▶ [WHAT TO PRODUCE]: What should be copied is the stretch of entries below from the line with "Marci Con Piscina Privata A Casa vacanze" up to and including the line with "Annesinin karnında dehşeti yaşadı", exactly and without images.

▶ [INFORMATION SHOWN]:

::::::::

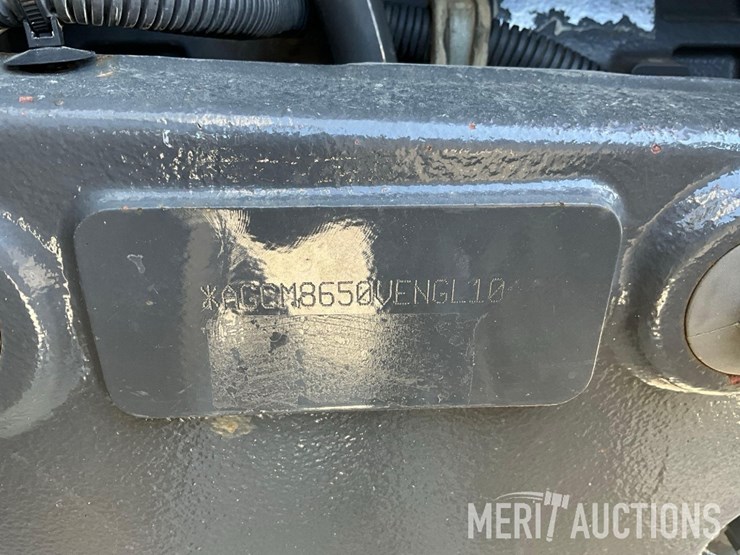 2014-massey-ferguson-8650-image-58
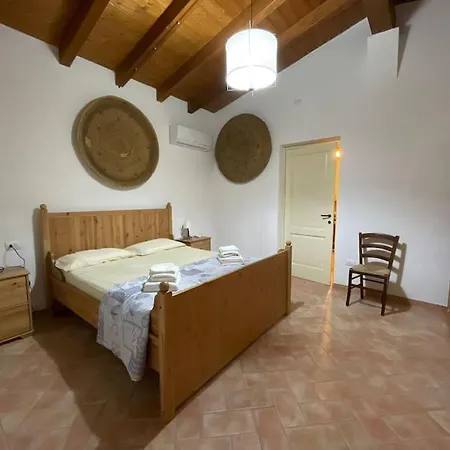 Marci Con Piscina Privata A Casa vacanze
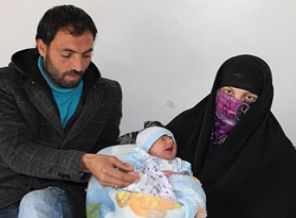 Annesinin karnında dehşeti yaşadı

::::::::

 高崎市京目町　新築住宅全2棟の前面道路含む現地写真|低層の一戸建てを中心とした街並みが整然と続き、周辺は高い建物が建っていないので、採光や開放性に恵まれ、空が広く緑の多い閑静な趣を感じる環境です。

::::::::

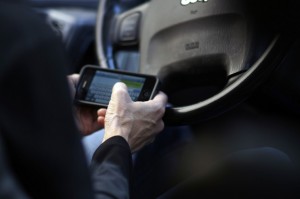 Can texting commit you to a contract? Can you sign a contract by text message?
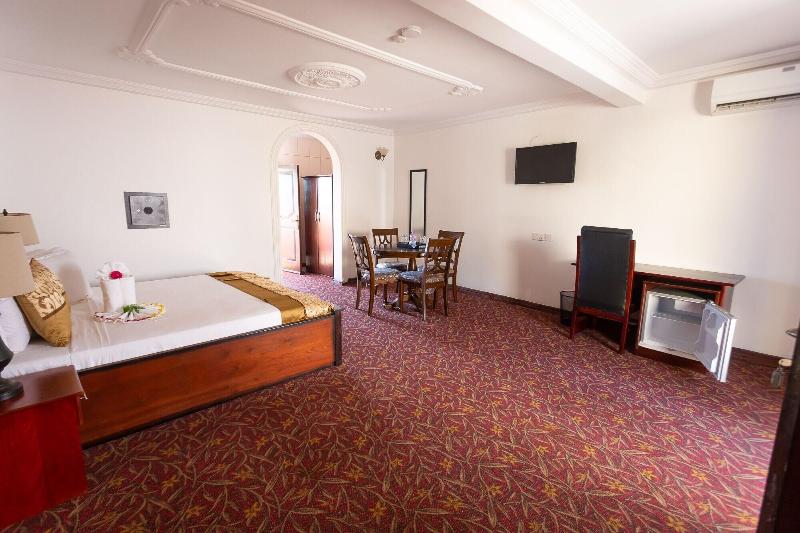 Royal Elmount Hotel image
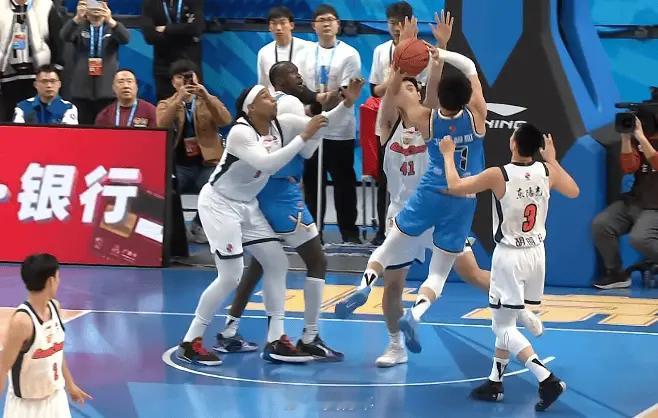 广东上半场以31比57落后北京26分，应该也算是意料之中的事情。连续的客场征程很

::::::::

▶ [PROBLEM SOLUTION]:
 Marci Con Piscina Privata A Casa vacanze
 Annesinin karnında dehşeti yaşadı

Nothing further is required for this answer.